In His Own Words: Obama's Communist Manifesto

(CBS)
Earlier today, President Barack Obama spoke to the nation's students in a widely-awaited address. In the runup to the speech, some Republicans had expressed qualms that the president was seeking to indoctrinate America's children to his socialist agenda." The White House ridiculed the claims, saying President Obama wanted to send a message to students to assume responsibility for their education. Now there's no more mystery. With the text finally in hand, we can uncover the socialist subtext hidden within. (I've annotated the more revealing excerpts.)

The President: "Hello everyone – how's everybody doing today? I'm here with students at Wakefield High School in Arlington, Virginia. And we've got students tuning in from all across America, kindergarten through twelfth grade. I'm glad you all could join us today. I know that for many of you, today is the first day of school. And for those of you in kindergarten, or starting middle or high school, it's your first day in a new school, so it's understandable if you're a little nervous. I imagine there are some seniors out there who are feeling pretty good right now, with just one more year to go. And no matter what grade you're in, some of you are probably wishing it were still summer, and you could've stayed in bed just a little longer this morning."
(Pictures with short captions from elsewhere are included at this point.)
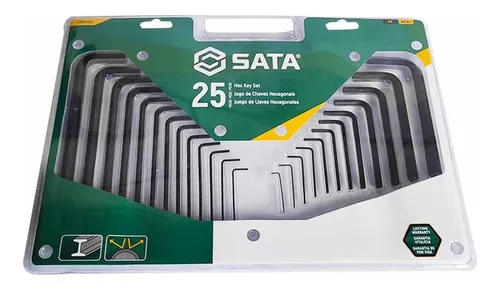 JOGO CHAVE ALLEN 25 PC MM/POL SATA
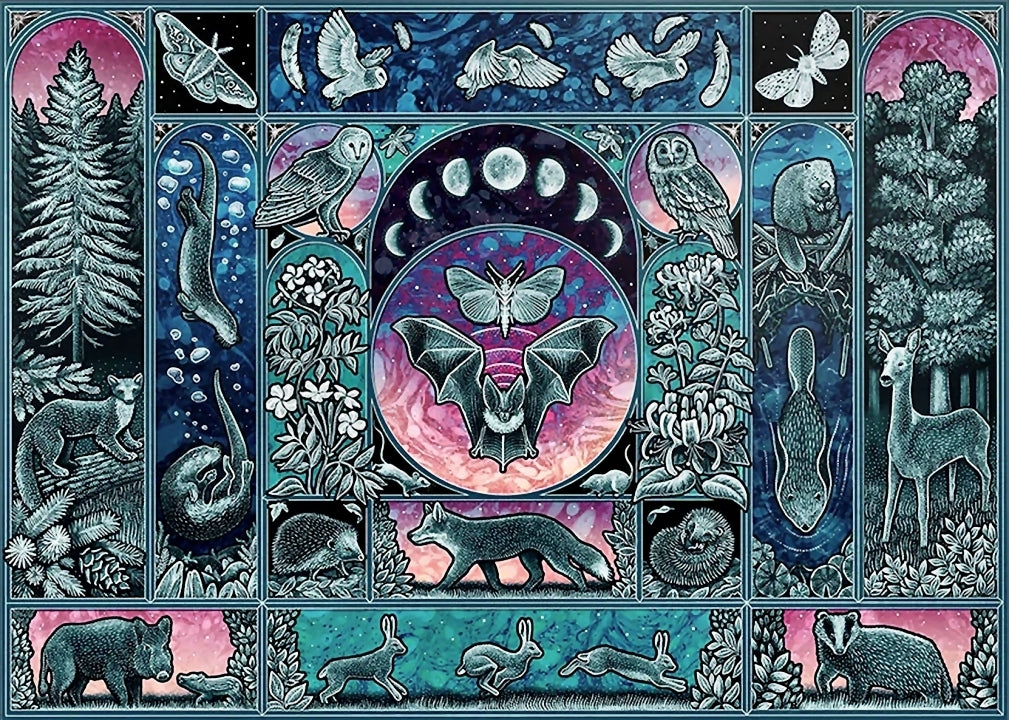 Cloudberries Nocturnal 1000 palan aikuisten palapeli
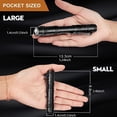 thumbnail image 3 of Lttoisl Compact 365nm UV Blacklight Flashlight, Portable AAA Battery Powered Mini Ultraviolet Light for Pet Urine Stains, Currency & Mineral Detection, Aluminum Alloy, 3 of 8
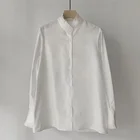 Spring And Autumn New Ladies Solid Color Long-sleeved Fashion Shirt
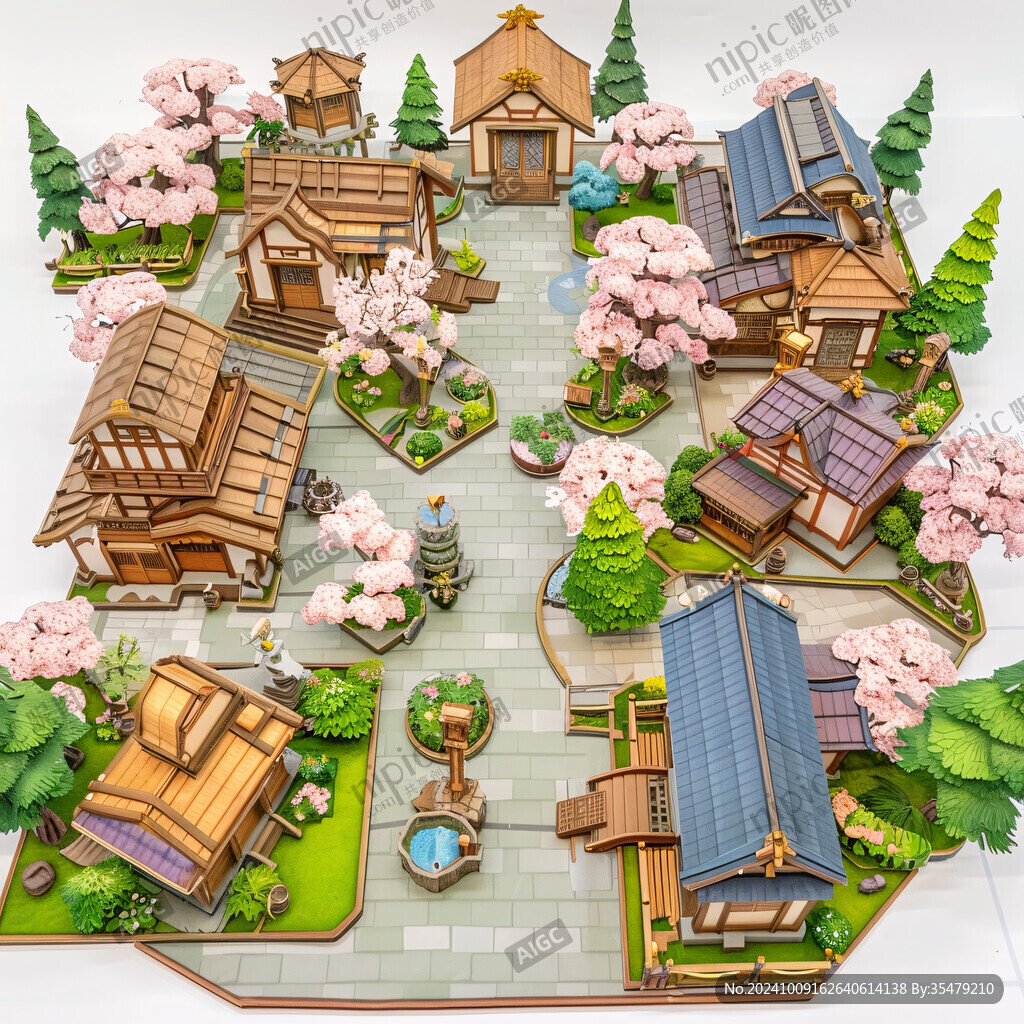 農家院落微場景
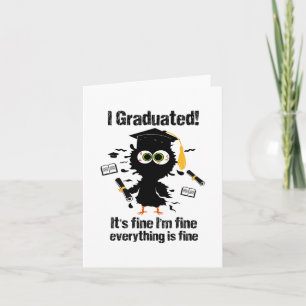 Graduated Graduate Cl Last Day Of School Cat Gradu Card
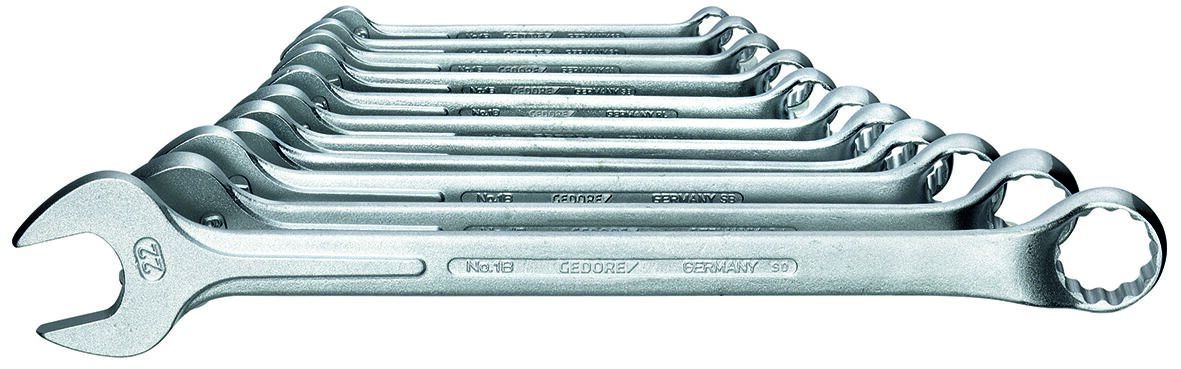 Gedore 11-Piece Combination Wrench Set, 8, 9, 10, 11, 12, 13, 14, 15, 17, 19, 22 mm, 31Crv3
Translation A favorite Marxian approach. Dates back to Engels' days in Manchester, England. The implicit message to impressionable minds: It's fine to laze away the day. Don't worry about not being a productive part of society. Mom and Dad (and then the state) will be there to support your lack of initiative.

The President "I'm here today because I have something important to discuss with you. I'm here because I want to talk with you about your education and what's expected of all of you in this new school year."
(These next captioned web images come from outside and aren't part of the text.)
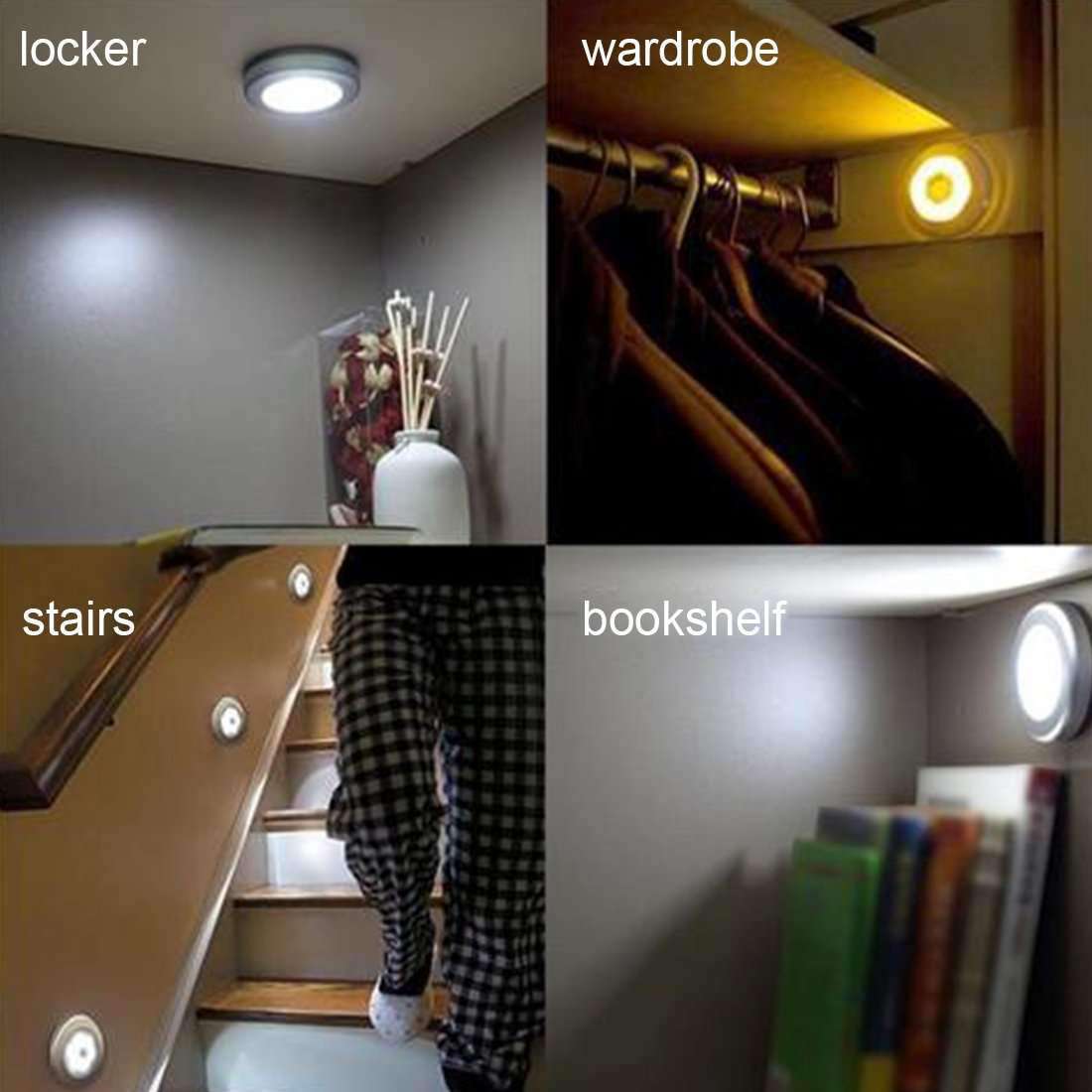 SmartGlow - Motion Sensor LED Lights (6 Pack)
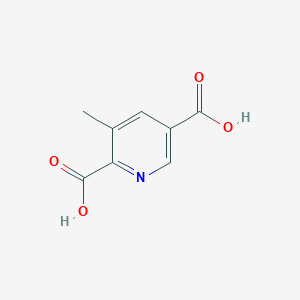 3-Methylpyridine-2,5-dicarboxylic acid chemical structure (CAS 1033203-06-3)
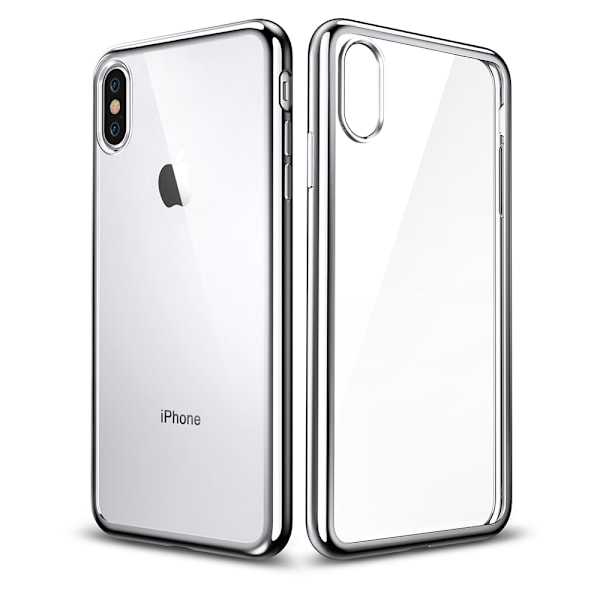 Elegant Skyddsskal till iPhone XS Max Silver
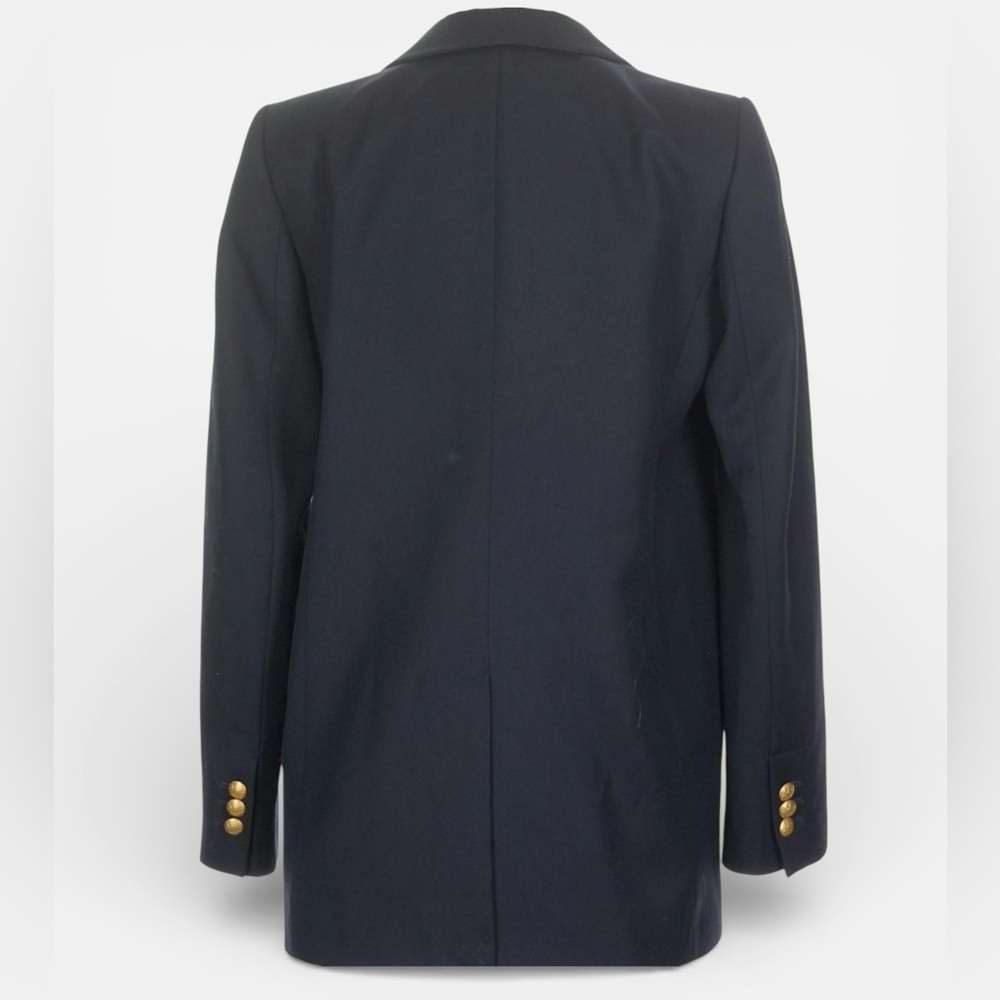 Sézane Michelle Jacket in Navy | FR 34 | US 2 - Picture 8 of 16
Translation What's "expected of you?" No dice. Encouraging kids to accept top-down directives - that's a prescription for trouble, if ever I heard one. Not to push it too far, but the Soviets used to sell a similar line of mumbo jumbo. Remember all that claptrap about the dictatorship of the proletariat? We should steer clear. Let's uphold Jeffersonian principles and leave local communities to decide.
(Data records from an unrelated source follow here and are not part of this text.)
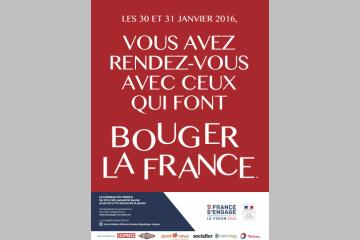 Forum La France s'engage au Carreau du Temple les 30 et 31 janvier
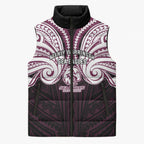 Custom Manly Warringah Sea Eagles Sleeveless Puffer Jacket Sea Eagle Warrior Polynesia Islander Rugby Mascot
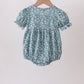 Teal Floral Lace Bow Bubble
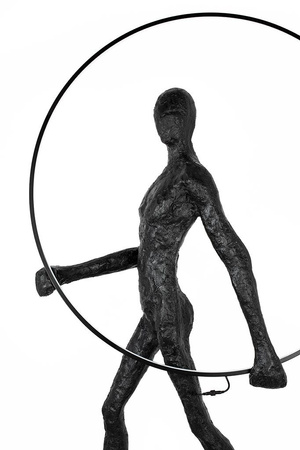 MOOSEE lampa podłogowa HUMAN ROUND        włókno szklane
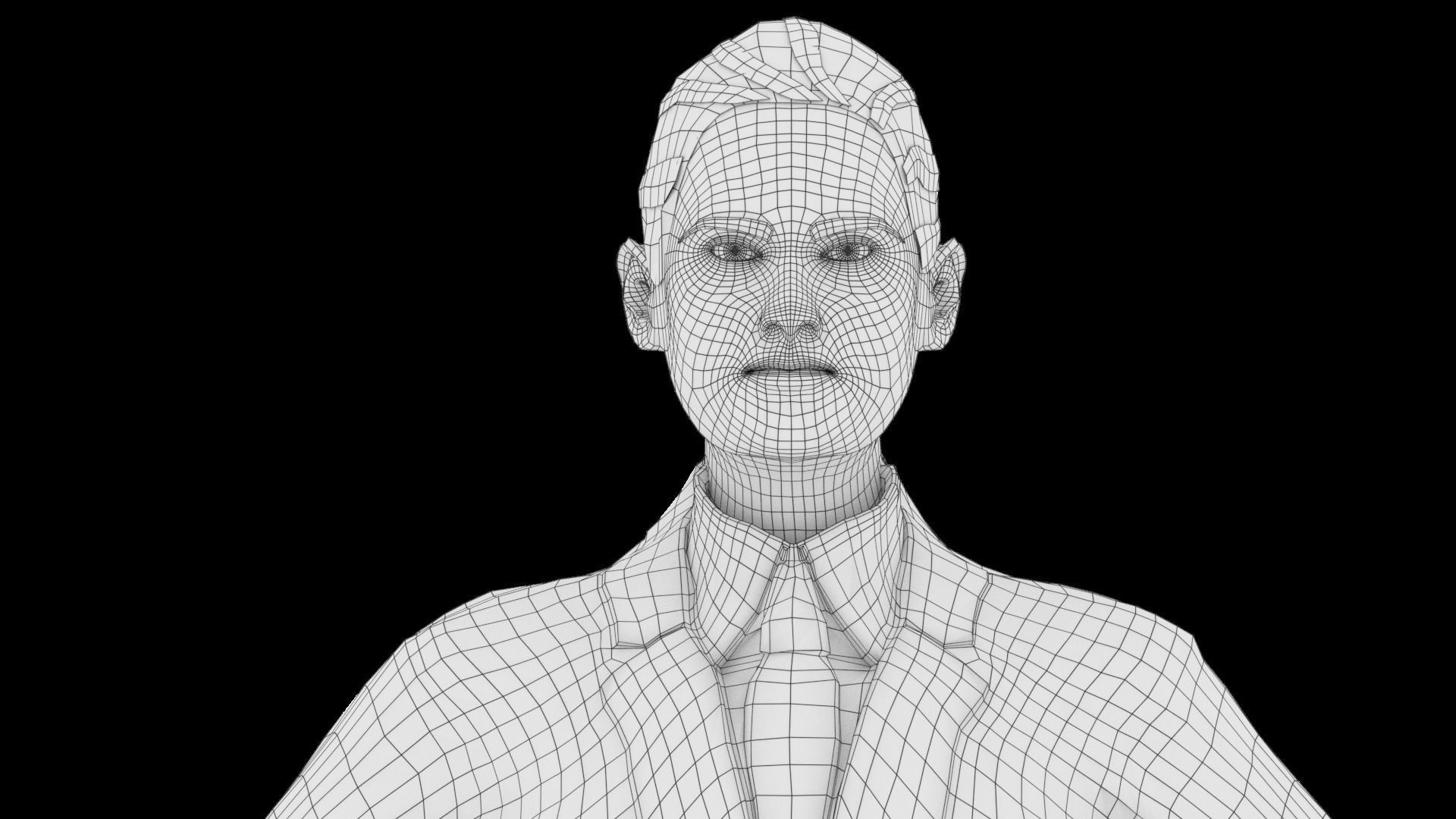 Model 9 man in suit 3D model_5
The President: "I've talked about your parents' responsibility for making sure you stay on track, and get your homework done...but at the end of the day, we can have the most dedicated teachers, the most supportive parents, and the best schools in the world – and none of it will matter unless all of you fulfill your responsibilities."

Translation "Unless all of you fulfill your responsibilities....?" Pardon but what if we decide we'd rather not? Some education czar sics a couple of apparatchik goons? That's why the lib-left is so intent on watering down the Second Amendment. (BTW: Notice that "czars" came out of Russia. So did Bolshevism. Purely circumstantial? Don't be so sure. But since the MSM is utterly brain dead, we'll have to wait for Glenn Beck to unearth the full story.)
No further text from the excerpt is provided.